(Directions)
All of the data should be reproduced word for word, though its pictures must be omitted.

Input data below:

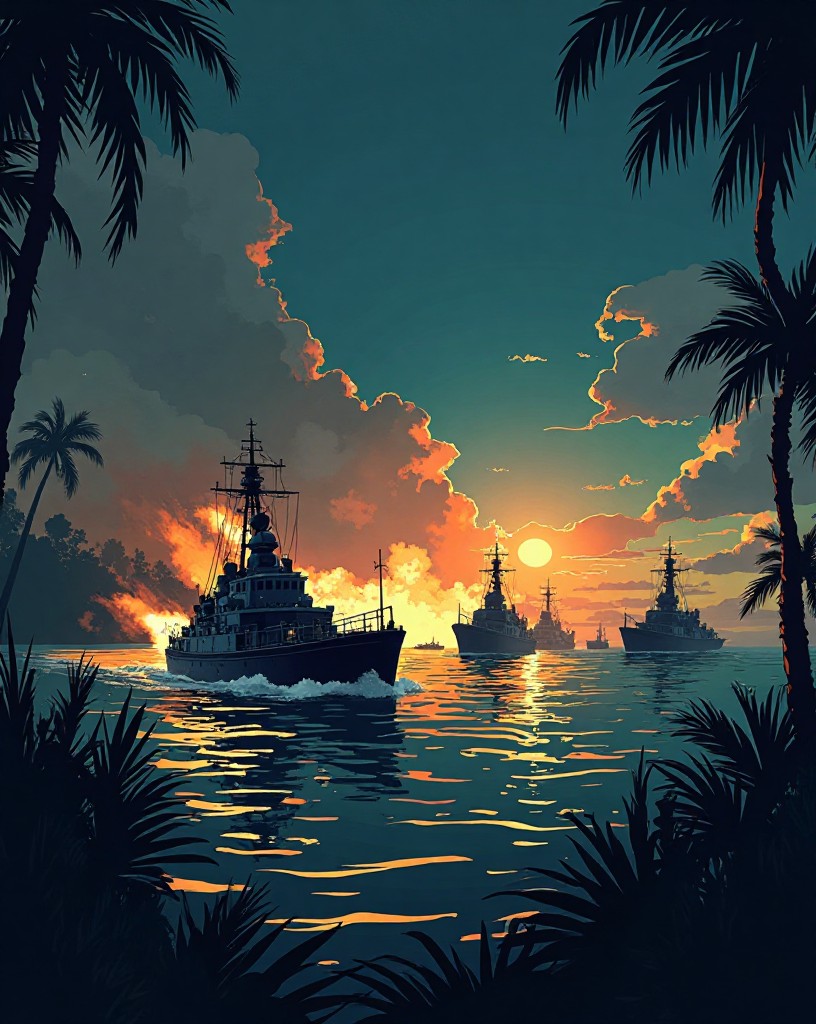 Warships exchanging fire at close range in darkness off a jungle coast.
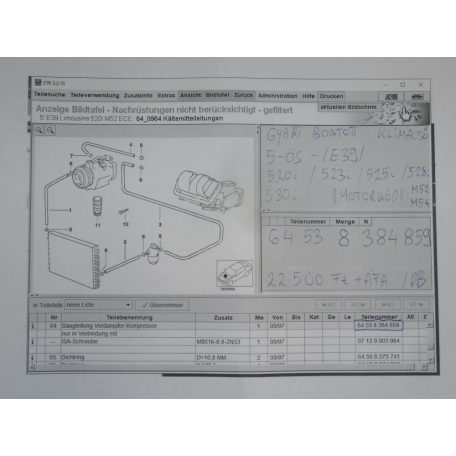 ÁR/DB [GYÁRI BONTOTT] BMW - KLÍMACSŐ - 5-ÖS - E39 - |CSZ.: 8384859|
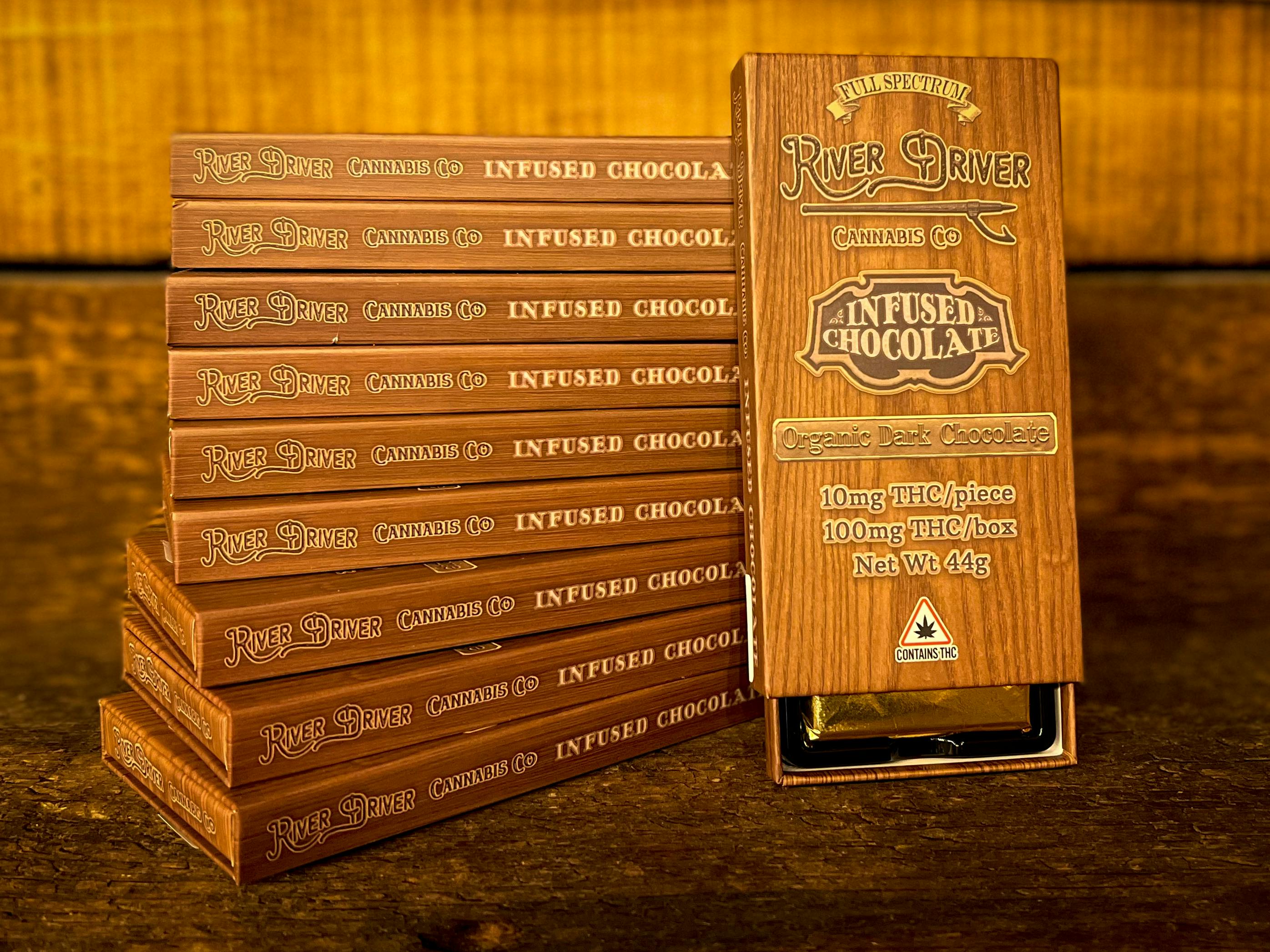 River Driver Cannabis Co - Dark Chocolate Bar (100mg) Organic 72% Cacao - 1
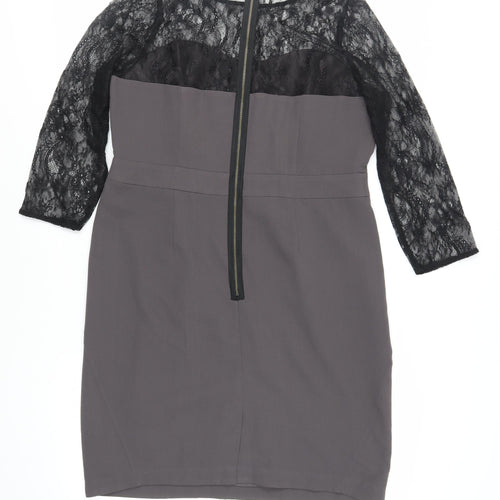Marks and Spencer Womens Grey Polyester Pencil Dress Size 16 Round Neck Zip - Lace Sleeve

End of Input data.

(Exercise output)
 Warships exchanging fire at close range in darkness off a jungle coast.
 ÁR/DB [GYÁRI BONTOTT] BMW - KLÍMACSŐ - 5-ÖS - E39 - |CSZ.: 8384859|
 River Driver Cannabis Co - Dark Chocolate Bar (100mg) Organic 72% Cacao - 1
Marks and Spencer Womens Grey Polyester Pencil Dress Size 16 Round Neck Zip - Lace Sleeve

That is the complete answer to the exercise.